Port Hedland’s proposed outer harbour development has passed two key milestones, and speculation is mounting that the project will provide a boost to the local property market.
Having gained Environment Protection Authority approval for the project last month, mining giant BHP has announced that US$917m in pre-commitment funding has been approved for the construction of the 100m tonne per year iron ore facility.
It is estimated that the project will cost more than $20bn in total, and Crawford Realty group director Ryan Crawford believes that – should it go ahead – its effects on the local economy, population and housing market will be felt for the next decade.
“The massive expenditure project is heralded as the highest value single mining project in Australia’s history,” he said. “BHP will increase its in-town and FIFO [fly in, fly-out] workforce to complete the project, which will flow-on to increase wages, local business and sales and rental values within the town.”
Noting that the Hedland property market, like most mining towns, is directly supported by supply and demand, Crawford believes that the inflow of workers required for the project will squeeze an already tight rental market.
“For well over the last decade demand has outstripped supply in the town and with the announcement of the port project this trend is set to continue to levels not yet seen in the Pilbara,” he said.
“With current rental vacancy rates in the town at 0.5%, and an expected workforce increase of over 4,000 on the project, inclusive of both in-town and FIFO workers, the local market is expected to continue to struggle to supply the town’s growing needs.”
Investors who have an eye on the fortunes of Australia’s mining regions may be concerned by China’s recent economic slowdown.
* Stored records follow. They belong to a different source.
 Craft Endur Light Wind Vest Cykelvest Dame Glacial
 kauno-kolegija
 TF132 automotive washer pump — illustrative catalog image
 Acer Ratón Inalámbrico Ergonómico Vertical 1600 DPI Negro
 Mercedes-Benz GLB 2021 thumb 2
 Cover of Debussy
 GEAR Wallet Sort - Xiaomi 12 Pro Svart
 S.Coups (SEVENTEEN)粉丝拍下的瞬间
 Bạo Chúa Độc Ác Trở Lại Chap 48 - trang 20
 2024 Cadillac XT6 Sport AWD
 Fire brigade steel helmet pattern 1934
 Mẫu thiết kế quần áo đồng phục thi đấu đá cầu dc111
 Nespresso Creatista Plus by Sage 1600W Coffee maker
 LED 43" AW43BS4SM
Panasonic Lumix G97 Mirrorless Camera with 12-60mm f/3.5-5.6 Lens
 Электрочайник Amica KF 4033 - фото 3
According to the International Monetary Fund’s World Economic Outlook, for example, Chinese GDP fell from 10.4% in 2010 to 9.2% last year, and is expected to fall further to 8.2% this year.
Crawford, however, believes that the Hedland region’s status as a “super resource centre” (an area supported by multiple industries and multibillion dollar companies) will see it through.
“The housing markets in these super resource centres tend not to be as affected by global factors and resource downturns, as they have a strong base to draw from in times of low ore prices and/or company withdrawal due to the sheer size and investment in the towns,” he says.
“A good example of this is Hedland’s performance during the GFC. Whilst sales of properties slowed during the period, the rental accommodation market stayed strong and actually increased during the financial crisis as a result of the large mining companies’ commitment to their projects and large scale operations within the town.”
The Hedland region’s phenomenal capital growth record and double digit rental yields continue to draw in investors, but Empower Wealth founding director Ben Kingsley believes that the positive returns on offer in the area need to be weighed up against the risks associated with buying there.
While he points out that “it’s not rocket science” to work out that the mining boom has created an accommodation shortage and driven up rents, he urges investors to consider what he calls the “liveability test”.
In other words, will new arrivals choose to settle in the area and purchase property there, or will they choose to rent for the short term while they’re working in the resources sector?
“Based on ABS data the short answer is they would prefer to live elsewhere and rent for the time they are working and earning good money,” says Kingsley.
“So when you consider a place like Port Hedland, you must understand the risk involved in your investment strategy, given the high entry costs into the market and how it can impair your future investment strategies.”
Full approval for the project is expected to take place in the final quarter of 2012, with its start-up date penciled in for early 2016.
The first phase of the outer harbour development is set to include:
a four kilometre jetty;
a four-berth wharf;
and 32 kilometres of dredged departure channel and landside infrastructure, including stockyards and a rail spur.